Table 1. Performance of tranches from Arabidopsis WGS sequence data.
Tranche, % | Sensitivity, % | Positive Predictive Value, % |
---|---|---|
100.0 | 99.9 | 93.7 |
99.9 | 99.3 | 95.4 |
99.0 | 94.9 | 99.2 |
97.5 | 92.0 | 99.3 |
95.0 | 89.3 | 99.4 |
75.0 | 54.3 | 99.6 |
Sensitivity and positive predictive value of multiple tranches of recalibrated variants from Arabidopsis WGS data were calculated using variants found in Sanger sequence data from Nordborg et al. (2005) for sensitivity; variants found in both the Sanger sequence data and in Gramene (build 43) were used to estimate positive predictive value (Table S4). For simplicity, the tranche percentage corresponds to both the SNP and the indel tranche.
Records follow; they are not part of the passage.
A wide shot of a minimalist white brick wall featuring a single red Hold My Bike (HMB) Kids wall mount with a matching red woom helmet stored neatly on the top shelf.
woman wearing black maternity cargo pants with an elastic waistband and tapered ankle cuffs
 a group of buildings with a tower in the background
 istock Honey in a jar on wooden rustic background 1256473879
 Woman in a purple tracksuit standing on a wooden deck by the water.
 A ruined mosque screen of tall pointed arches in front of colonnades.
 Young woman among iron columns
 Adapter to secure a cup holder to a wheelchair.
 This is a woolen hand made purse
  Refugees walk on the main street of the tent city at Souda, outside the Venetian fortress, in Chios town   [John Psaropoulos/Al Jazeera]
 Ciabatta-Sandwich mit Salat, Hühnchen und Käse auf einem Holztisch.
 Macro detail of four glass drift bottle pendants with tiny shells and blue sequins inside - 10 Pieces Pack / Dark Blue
We note that these values are not generally applicable to other RIG analyses and these should not be taken as representative of how tranches in other analyses will behave; tranches should be chosen based on the reliability of the variants designated as truth for VQSR. WGS, whole-genome sequencing; SNP, single-nucleotide polymorphism; RIG, Recalibration and Interrelation of genomic sequence data with the GATK; VQSLOD, logarithm of odds ratio that a variant is real vs. not under the trained Gaussian mixture model; VQSR, Variant Quality Score Recalibration.